Run docker-compose up and go to http://localhost:8080/api/providers/docker/backends, we will get the three backends that’s configured:

{
  "backend-backend1": {
    "servers": {
      "server-traefik-demo-whoami-1-86460ec963c2-f0078ecb386e282a8fc546f06636ff94": {
        "url": "http:\/\/172.18.0.3:80",
        "weight": 1
      }
    },
    "loadBalancer": {
      "method": "wrr"
    }
  },
  "backend-reverse-proxy-traefik-demo": {
    "servers": {
      "server-traefik-demo-reverse-proxy-1-807284c2bf53-a4b9e1129a86189ee88fc1a031f0c65d": {
        "url": "http:\/\/172.18.0.4:80",
        "weight": 1
      }
    },
    "loadBalancer": {
      "method": "wrr"
    }
  },
  "backend-whoami-again-traefik-demo-backendsite1": {
    "servers": {
      "server-traefik-demo-whoami-again-1-36490b790acf-780f230448df16d66397c0c29cebc062": {
        "url": "http:\/\/172.18.0.2:80",
        "weight": 1
      }
    },
    "loadBalancer": {
      "method": "wrr"
    }
  }
}

Each backend in traefik has a servers object which is a map of each server instance. Hence, to put my suggested approach in more concrete terms, this is how we can check if a new server container has been registered:

  1. Get the container IP address
  2. Poll traefik’s API for the specific backend, i.e. http://localhost:8080/api/providers/docker/backends/<backend-name>/
  3. Check if the container IP is in the servers list

Similarly, for the deregistration, we check for the absence of the server.

Tips

Traefik backend naming

One of the tricky issues I faced while working on this is the naming of the backend. See this issue to learn more. Basically, the backend name is not fixed, it will need to be derived at runtime.

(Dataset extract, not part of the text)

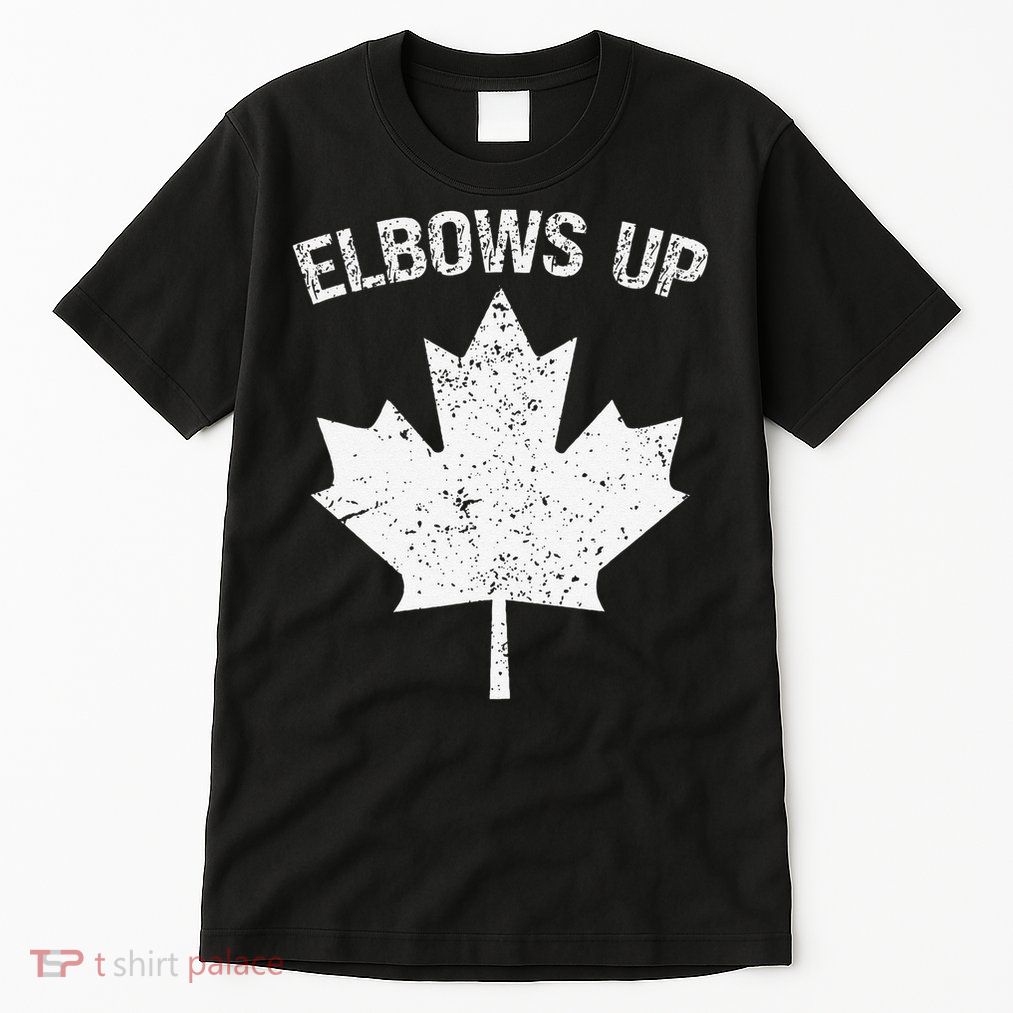 Elbows Up Canada True North Strong Free Proud Canadian Red Gift Tall T-Shirt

Getting the relevant container’s IP address

How do you get the new container’s IP address that you want to check if it’s been registered? I used something like this:

NewContainer=docker ps --filter "health=healthy" --filter "label=app=${Image}" --filter "label=version=${GitHash}" --format '{{.Names}}'

My new container would have a label, version with the version of the application I am deploying so I use that to query it.

How do I get the old container’s IP address? I use this appraoch:

$OldContainers=docker ps --filter "label=app=${Image}" --filter before=$NewContainer --format '{{.ID}}'

Basically, I check the container of the same application which was created before the new container. A more fool proof approach would be to store the previous version that was deployed and use that.

Conclusion

The above approach currently seems to be working fairly well for the setup I have - ASP.NET framework application on Windows Server 1803 and our requirements. It basically allows one to have a deployment setup without any downtime which is especially useful when we want to use a single VM and without using any third party services/tools.